B.What is the near point without glass?
C.What is his near point with glasses?

Take the image distance from the lens of the eye to the retina to be 2 cm.

Answer 1

A) Step 1: Find the power of the normal relaxed eye.

Given, far point for myopic adult, $0.1m$
This will be object distance, $u=-0.1m$
Image distance from the lens of the eye to the retina $=2cm=0.02m$ So, the required power$P=\frac{1}{f}=\frac{1}{v}-\frac{1}{u}$
$P=\frac{1}{0.02}+\frac{1}{0.1}=60D$

Step 2: Find the power of the lens required to see the object at $\infty$

If the object is at ∞, then power required,

$P^{\prime }=\frac{1}{f^{\prime }}=\frac{1}{\infty }+\frac{1}{0.02}=50D$

This is the power of the eye+lens system, so the power of the lens

$P^{\prime }=P+P_g$

$50=60+P_g$

$\Rightarrow P_g=-10D$

Final answer: $-10D$

B) Step 1: Find the power for the far vision.

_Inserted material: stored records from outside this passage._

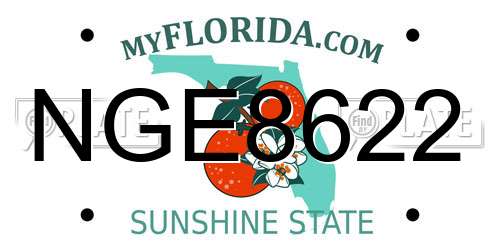 NGE8622 Florida License Plate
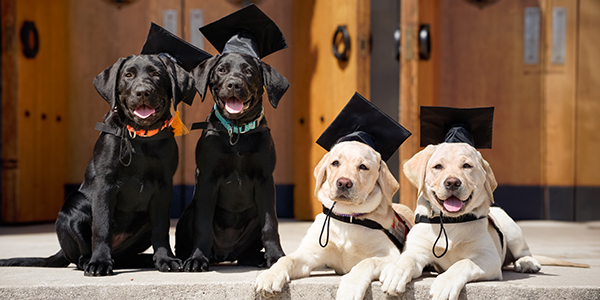 Graduation Puppies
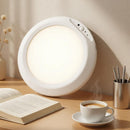 Rechargeable Motion Sensor RGB Ceiling Light with Remote - 4000mAh Lithium Battery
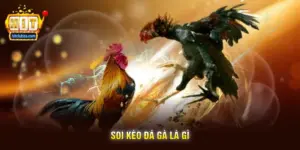 Soi Kèo Đá Gà Là Gì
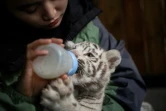 Une soigneuse du zoo de Kunming nourrit au biberon un bébé tigre blanc, le 12 octobre 2018 dans la province du Yunnan, en Chine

Given, far point for myopic adult $=0.1m$

This will be object distance, $u=-0.1m$

Image distance from the lens of the eye to the retina $=2cm=0.02m$

So, the power for the far vision,

$P_f=\frac{1}{f}=\frac{1}{v}\frac{-1}{u}$

$P_f=\frac{1}{0.02}+\frac{1}{0.1}=60D$

Step 2: Find the power for the near vision.

Given, power of accommodation $=4D$

Let the power of the normal eye for near vision be $P_n$.

Then

$4=P_n-P_f$

$\Rightarrow P_n=64D$

Step 3: Find the distance of near point without glass.

Let his near point be $x_n,$ then

$\frac{1}{x_n}+\frac{1}{0.02}=64$

$\frac{1}{x_n}+50=64$

$\therefore x_n=\frac{1}{14}\simeq 0.07m$

Final answer: $0.07m$

C) Step 1:Find the power at the far point for the normal relaxed eye.

Given, far point for myopic adult, $0.1m$
This will be object distance, $u=-0.1m$
Image distance from the lens of the eye to the retina $=2cm=0.02m$

So, the required power

$P_f=\frac{1}{f}=\frac{1}{v}\frac{-1}{u}$

$P_f=\frac{1}{0.02}+\frac{1}{0.1}=60D$

Step 2: Find the power of the lens+eye required to see the object at $\infty$

If the object is at ∞, then power required,

$P_f^{\prime }=\frac{1}{f^{\prime }}=\frac{1}{\infty }+\frac{1}{0.02}=50D$

Step 3: Find the power for the near vision.

Given, power of accommodation $=4D$

Let the power of the normal eye for near vision be

$P_n^{\prime }.$

Then $P_n^{\prime }=P_f^{\prime }+4$
$\Rightarrow P_n^{\prime }=54D$.

Step 4: Find the distance of near point with glasses.

Let his near point be $x_n^{\prime }$,
then $\frac{1}{x_n^{\prime }}+\frac{1}{0.02}=54$
$\frac{1}{x_n^{\prime }}+50=54$
$\therefore x_n=1/4=0.25m$

Final answer: $0.25m$